• TASK ITEM: Output the entire listing that follows verbatim.

• DATA EXTRACT:

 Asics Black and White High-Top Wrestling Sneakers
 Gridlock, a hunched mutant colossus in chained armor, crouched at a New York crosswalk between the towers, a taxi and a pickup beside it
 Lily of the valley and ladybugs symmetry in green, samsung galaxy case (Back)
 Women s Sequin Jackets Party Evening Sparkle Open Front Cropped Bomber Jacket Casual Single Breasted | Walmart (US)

• SOLUTION TO THIS PROBLEM:
 Asics Black and White High-Top Wrestling Sneakers
 Gridlock, a hunched mutant colossus in chained armor, crouched at a New York crosswalk between the towers, a taxi and a pickup beside it
 Lily of the valley and ladybugs symmetry in green, samsung galaxy case (Back)
 Women s Sequin Jackets Party Evening Sparkle Open Front Cropped Bomber Jacket Casual Single Breasted | Walmart (US)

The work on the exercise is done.